Cenário lindo é palco de espetáculo deprimente

DANUZA LEÃO
ENVIADA ESPECIAL A BRASÍLIA

O cenário é lindo, mas o espetáculo, deprimente. É duro ver parlamentares fazendo o papel de investigadores, interrogando quem possível - e provavelmente - meteu a mão nos cofres públicos sem cerimônia. Alguns, como não têm essa vocação nem foram eleitos para isso, perguntam mal, se repetem, e desse jeito vai ser difícil chegar às chamadas provas, até porque nessa matéria ninguém passa recibo.
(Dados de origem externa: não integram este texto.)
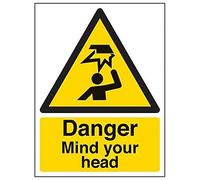 Vsafety warning Safety Sign "danger Mind your Head", 2 mm, in plastica, 150 mm x 200 mm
Essa história de roubar o dinheiro público sempre foi meio vaga; todo mundo sabe que é por isso que não temos hospitais nem creches nem escolas. Outro dia, quando fui mandar uma correspondência para São Paulo por Sedex e paguei R$ 20 por uma folha de papel, entendi tudo.
Os políticos são finíssimos: se atacam furiosamente, mas sempre colocando antes um "Vossa Excelência", ou "o ilustre deputado". Depois tomam cafezinho juntos, como se nada fosse.
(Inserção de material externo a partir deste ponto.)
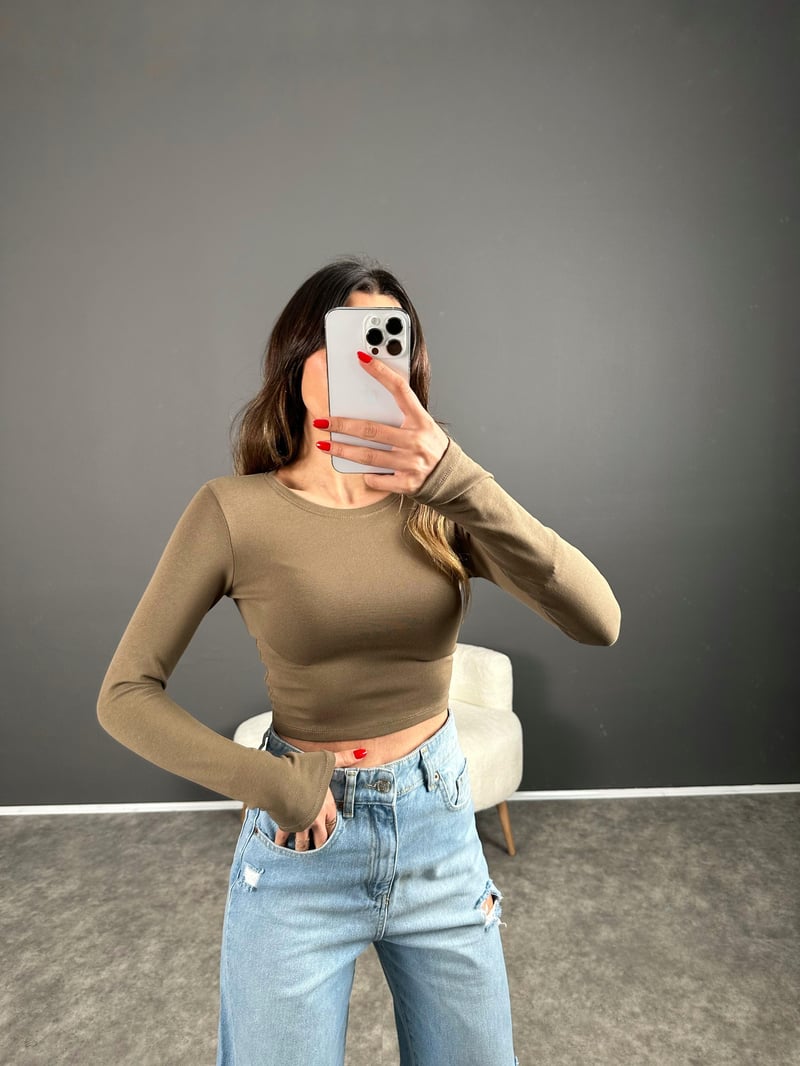 Haki ZR Model Basic Uzun Kollu Crop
As assessoras do PT não usam maquiagem nem salto alto nem fazem escova; em compensação, as do PSDB são impecáveis, parecem prontas para irem dali direto para um casamento, sem escala.
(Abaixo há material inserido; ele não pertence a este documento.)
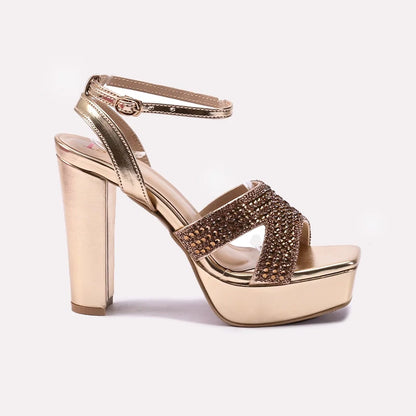 Womens Gold High Heel Sandals 0421504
O dia começou bem: como os trabalhos da CPI estavam marcados para começar às 9h, cheguei às 8h30 para pegar minha credencial no 21º andar do edifício do Senado; a funcionária chegou às 9h10, e, na descida, o elevador parou no meio dos andares.
Quando o senador Delcídio Amaral entrou no recinto, fez o sinal da cruz e abriu os trabalhos "com a benção de Deus", o que talvez seja pouco.

Pílulas brasilienses
ACM babava com sua cria, o deputado ACM Neto, que masca chicletes sem parar; onde será que ele põe o chiclete quando fala? Debaixo do tampo da mesa, como os colegiais? Outra que tem o mesmo hábito é Luciana Genro, que não consegue esquentar a cadeira nem por cinco minutos.
Heloisa Helena é conhecida por falar muito, por isso sempre fica no fim da fila; sabendo disso, a senadora chegou ontem ao Congresso às 6h30, para ser a primeira. Como o tempo é marcado, assim que acabou de fazer suas perguntas, se inscreveu de novo, para poder falar mais uma vez, mesmo de madrugada.
Marcos Valério chama os deputados e senadores de Vossa Excelência e depois diz "vou te passar os documentos"; declarou possuir várias empresas que nunca funcionaram, nunca tiveram conta em banco, e, conseqüentemente, ninguém entende porque foram abertas -mas ele sabe.
Quanto ao fato de parte de uma dessas empresas estar em nome de sua mulher, foi claro: "ela pensou que eu fosse me separar dela". E acrescentou: "mas eu não queria". Foi quase um consultório sentimental.
O deputado Heráclito Fortes usava um terno que me fez pensar num samba de Paulinho da Viola que diz "Não posso definir aquele azul, não era do céu nem era do mar". Indefinível a cor do terno do parlamentar.
Rola um estresse entre o senador Aloizio Mercadante e o presidente da CPI. Segundo Mercadante, há no PT quem ache que Delcídio Amaral está tratando Roberto Jefferson bem demais.
A razão de o mundo político, governo e oposição, estar unido, em defesa do presidente Lula: se entrar o vice José de Alencar, ele baixa a taxa de juros para zero e explode a economia; e se quebrar uma perna, entra Severino, e aí - bem, passemos.
O novo ministro das Comunicações, Hélio Costa, chamava a atenção: é o único ser que conserva a cabeleira dos anos 60, quando era sucesso no "Fantástico" e as mulheres babavam por ele.
De repente, em plena CPI, entra Severino; mas Severino de terno preto e gravata borboleta? Com uma bandeja na mão? Era um garçom, mas tão igual, tão igual, que parecia irmão gêmeo do presidente da Câmara.
Deixa-se Brasília com a triste sensação de que nossa Câmara e nosso Senado, com sua deslumbrante arquitetura, não merecem passar pelo que estão passando; por outro lado, não existe lugar mais animado em todo o país.
E no restaurante, entre assessores, jornalistas, deputados e lobistas (de ambos os sexos), a paquera rolou solta. Haja o que houver, é só juntar homens e mulheres para que paire uma tensão no ar; e enquanto for assim, pode-se dizer que a pátria está salva. Ou quase.